Este primeiro fator é crucial para os Tribunais e para a Câmara de Apelo de modo a determinar se a doutrina deverá ou não ser aplicada. Caso a prova de tradução revele que a tradução para inglês é inequivocamente literal e direta, a doutrina é aplicável.

A título de exemplo, ao comparar a marca em italiano “LUPO”, que assinala roupa interior para homens e rapazes, com a marca em inglês “WOLF”, destina a assinalar diversos tipos de vestuário, o USPTO decidiu aplicar a doutrina, dado que a marca primeiramente referida consistia, de facto, numa tradução literal e direta da marca em inglês “WOLF” (230 USPQ 702 (TTAB 1986)). Para além do mais, a decisão foi reforçada pelo facto de ambas as marcas identificarem produtos semelhantes.

Contrariamente, a doutrina não é geralmente aplicada nos casos em que a prova demonstre que a tradução para inglês não é literal e direta. Como exemplo, ao comparar a marca em espanhol “PALOMA” (cuja primeira aceção em inglês é “pombo”, e segunda aceção “pomba”) com a marca em inglês “DOVE”, o USPTO não aplicou a doutrina, uma vez que os dizeres da marca em espanhol não são a tradução direta (primeira aceção) de “DOVE” (pomba) (6 USPQ2d 1316 (TTAB 1987)).

  1. Línguas Estrangeiras Comuns e Modernas

Este segundo fator é aplicado a palavras ou termos de línguas comuns e modernas, que abrangem todas as línguas à exceção de línguas mortas e raras. Para comprovar este fator, provas como CENSOS, Escritórios de Tradução, a Internet e quaisquer outras fontes digitais ou impressas, deverão ser consideradas pelo examinador.

Neste sentido, por forma a determinar se uma língua é morta ou rara, deveremos basear-nos no significado que a palavra em questão teria para os consumidores relevantes. Para ilustrar este caso, tomando como exemplo o latim, considerado na generalidade como língua morta, caso a prova demonstre que o dado termo ainda é utilizado pelos consumidores, então o latim não deverá ser tido como língua morta, e, consequentemente, a doutrina aplicar-se-á.

  1. Significado Alternativo da Marca e Circunstâncias no Mercado ou no Ambiente Comercial Nas Quais a Marca é Utilizada

Este terceiro e último fator prende-se a outras considerações a ter em conta quando se verifica se se deve ou não aplicar a doutrina. Para além de se centrar na literalidade da tradução para inglês da marca com dizeres estrangeiros, e na sua classificação como língua comum e moderna, o examinador deverá também atentar se o termo estrangeiro tem um significado, no mercado relevante, que difira do significado em inglês; e se é muito ou pouco provável que a expressão estrangeira seja traduzida pelo consumidor devido à forma como esta é encontrada no ambiente comercial.

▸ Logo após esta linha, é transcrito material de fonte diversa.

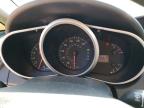 2011 Mazda Cx-7  na sprzedaż w China Grove, NC - Front End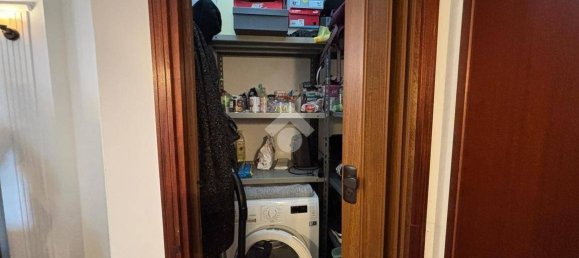 2 Schlafzimmer Wohnung in Osio Sotto, Italy, Nr. 114348 23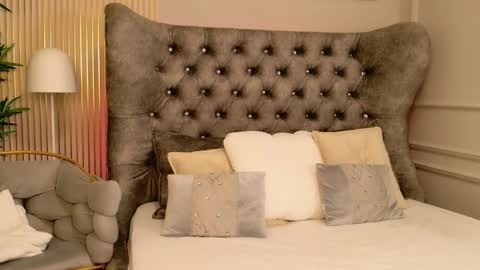 Megan online show from 20, 4, 2026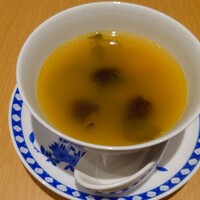 喜記 銀座店 - 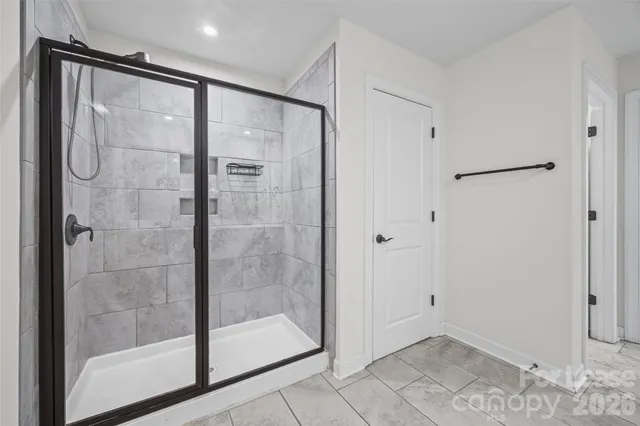 $2,600 | 5811 Fenway Drive, Charlotte, NC 28273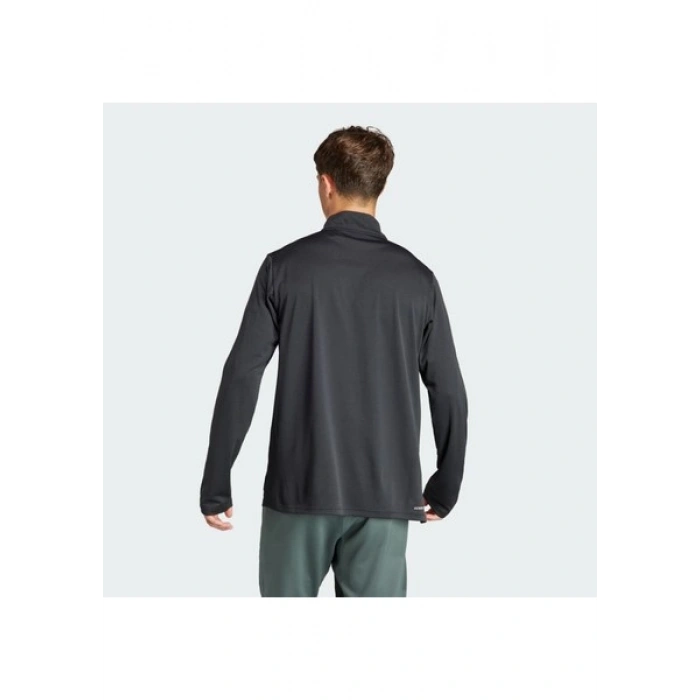 Adidas Performance IL7157 Train Essentials Training Long Sleeve Tee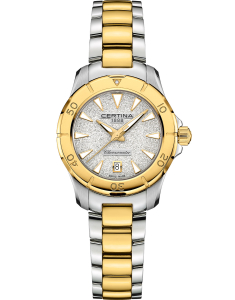 Certina DS Action Lady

De uma forma geral, a doutrina não é aplicada se um termo estrangeiro tiver desenvolvido um significado alternativo dentro do mercado relevante que difira do significado da tradução do termo para inglês, e se a prova mostrar que o significado alternativo seria compreendido pelos consumidores.

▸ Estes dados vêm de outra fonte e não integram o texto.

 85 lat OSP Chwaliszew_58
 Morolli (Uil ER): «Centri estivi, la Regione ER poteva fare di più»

Para ilustrar este fator, consideremos a marca em francês “CORDON BLEU” (cuja tradução para inglês é “fita azul”) que, no entanto, não seria traduzida nem teria o mesmo significado para o consumidor americano, uma vez que CORDON BLEU remete para uma “cozinha de grande perícia”, de acordo com as entradas dos dicionários americanos.

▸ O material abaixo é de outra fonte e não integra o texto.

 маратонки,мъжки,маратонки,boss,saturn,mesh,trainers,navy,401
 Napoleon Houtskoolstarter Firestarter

Para concluir, com o objetivo de reduzir a confusão linguística no processo de registo e de comparação de marcas, os Institutos poderão recorrer a algumas linhas de orientação bastante úteis. De acordo com as que mencionámos acima, dando enfase à doutrina dos equivalentes estrangeiros do USPTO, os examinadores têm acesso a algumas orientações essenciais para atestarem quando devem ou não aplicar a doutrina, nomeadamente, se a tradução para inglês é inequivocamente literal e direta; se a língua estrangeira é comum, moderna e não rara; se a marca tem um significado alternativo, ou, se no mercado relevante ou no ambiente comercial, no qual a marca é utilizada, a tradução é muito ou pouco provável. Posto isto, a decisão do examinador dependerá sempre da prova da tradução. Se o termo estrangeiro tiver um equivalente direto em inglês, então, a doutrina será geralmente aplicada.